### [Exercise input]
◇ ◇ ◇ ◇ ◇

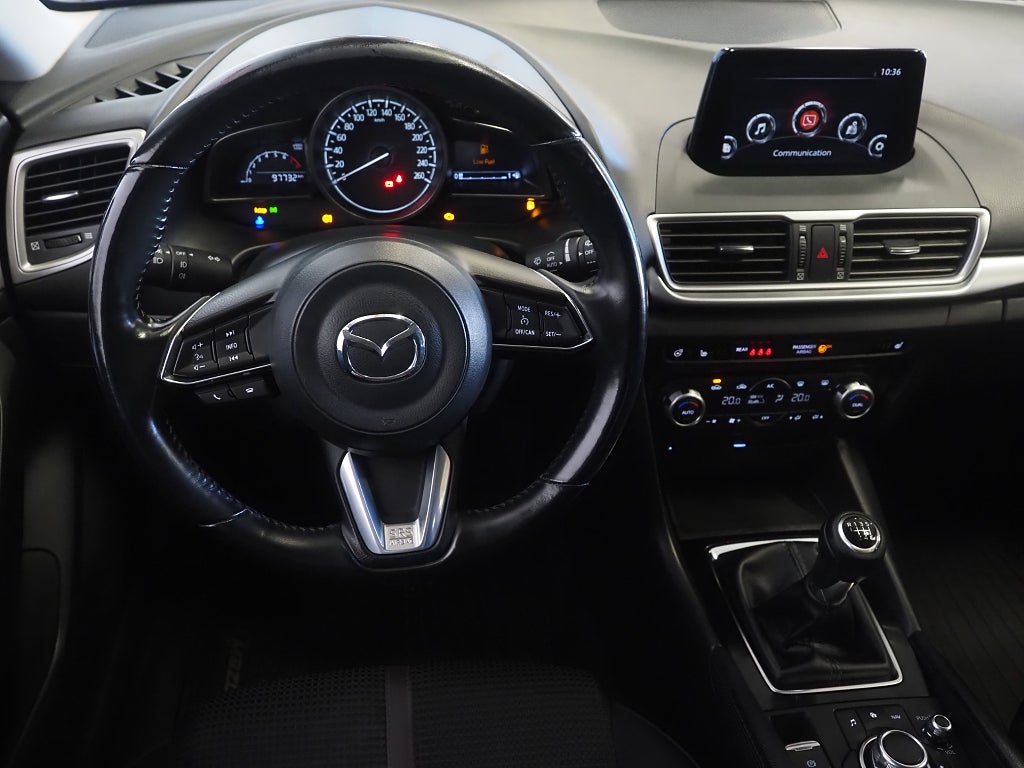 Mazda 3 Sport 2.0 SKYACTIV-G 120hk Vision Motorvärmare Navi 2018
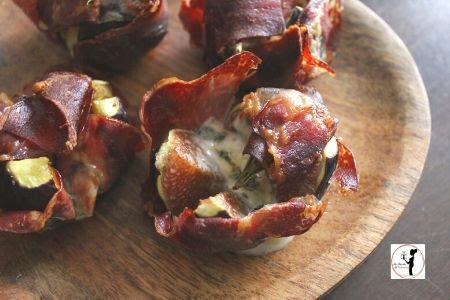 ENTRIAMO NEL MOOD AUTUNNALE CON UN ANTIPASTO CALDO: rose di coppa e fichi con cuore filante di blu di vacca in friggitrice ad aria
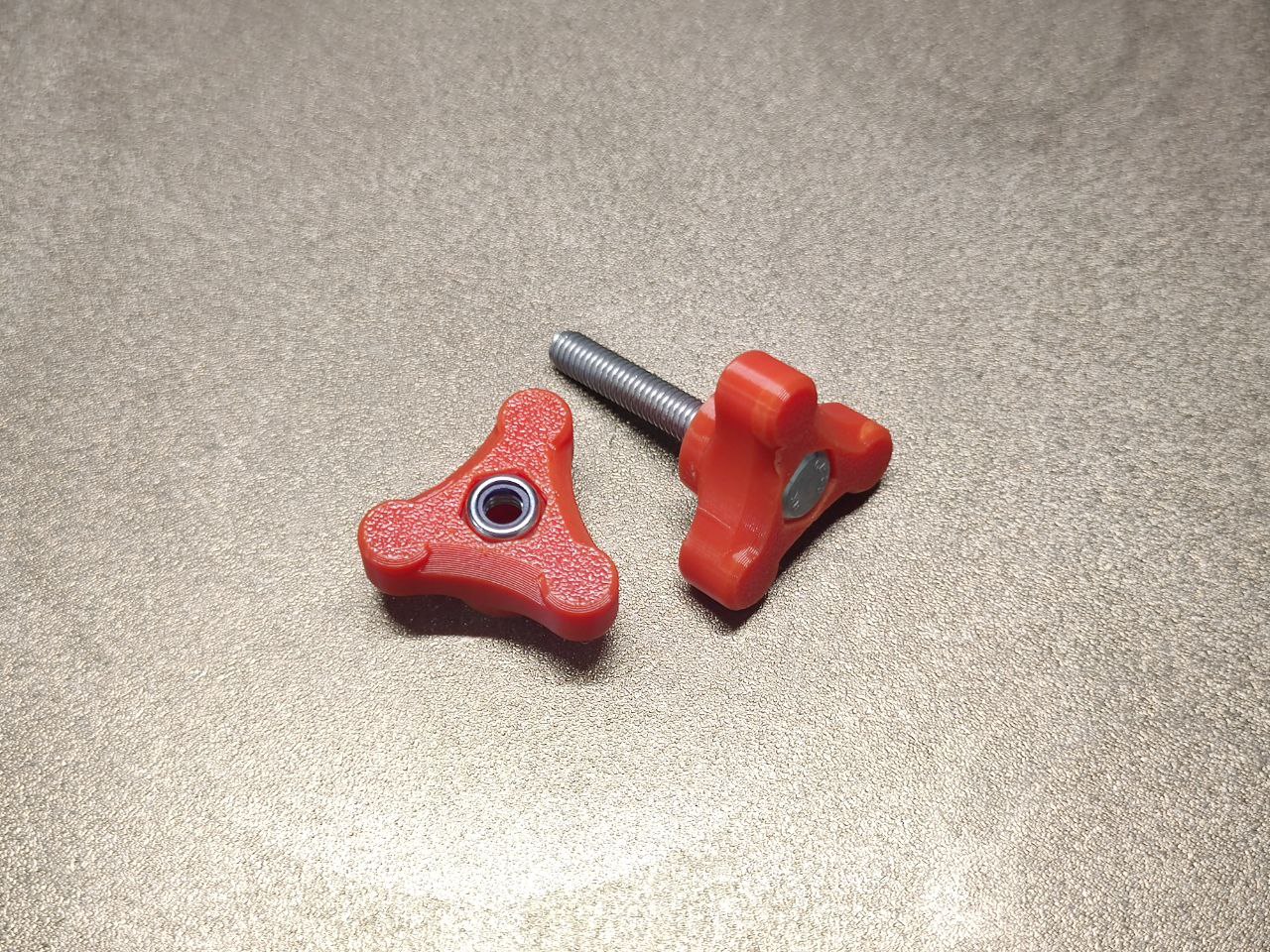 Ручка (барашек) треугольный М6 оранжевый. К-т 2шт Прокатись.Ру Ручка (барашек) треугольный М6 оранжевый. К-т 2шт Прокатись.Ру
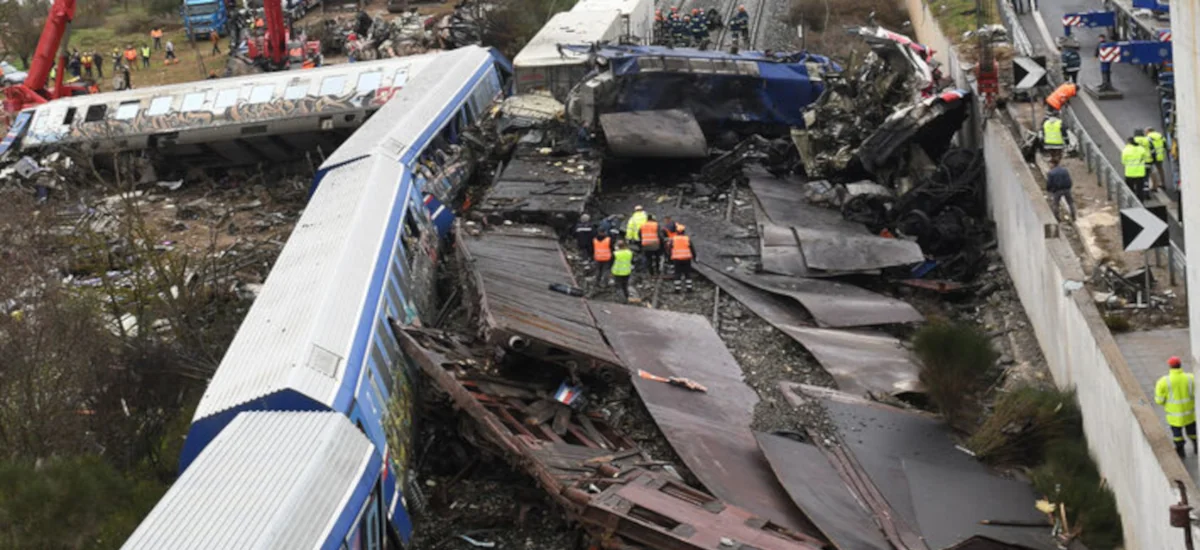 Οι αγρότες τήρησαν τον λόγο τους ενώ η ΕΛΑΣ έκλεισε το δρόμο σε συγγενείς θυμάτων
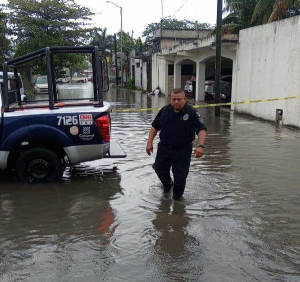 Apoya Policía Municipal en el cierre de calles donde el nivel de agua es muy alta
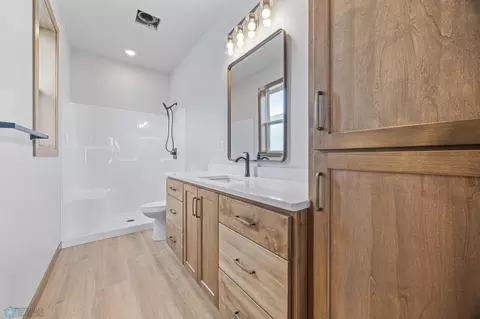 Bath - 6744 68th Ave S, Horace, ND 58047 photo 2 of 2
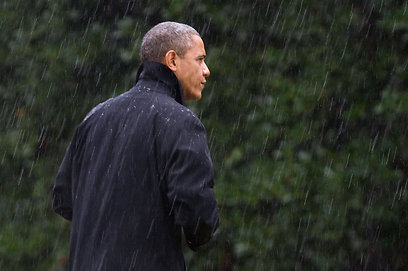גם הנשיא רטוב. אובמה חזר לוושינגטון (צילום: AP) (צילום: AP)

◇ ◇ ◇ ◇ ◇

### [Exercise requirements]
For this exercise, return the records above in full and exactly, omitting the images.

### [Solved problem]
 Mazda 3 Sport 2.0 SKYACTIV-G 120hk Vision Motorvärmare Navi 2018
 ENTRIAMO NEL MOOD AUTUNNALE CON UN ANTIPASTO CALDO: rose di coppa e fichi con cuore filante di blu di vacca in friggitrice ad aria
 Ручка (барашек) треугольный М6 оранжевый. К-т 2шт Прокатись.Ру Ручка (барашек) треугольный М6 оранжевый. К-т 2шт Прокатись.Ру
 Οι αγρότες τήρησαν τον λόγο τους ενώ η ΕΛΑΣ έκλεισε το δρόμο σε συγγενείς θυμάτων
 Apoya Policía Municipal en el cierre de calles donde el nivel de agua es muy alta
 Bath - 6744 68th Ave S, Horace, ND 58047 photo 2 of 2
גם הנשיא רטוב. אובמה חזר לוושינגטון (צילום: AP) (צילום: AP)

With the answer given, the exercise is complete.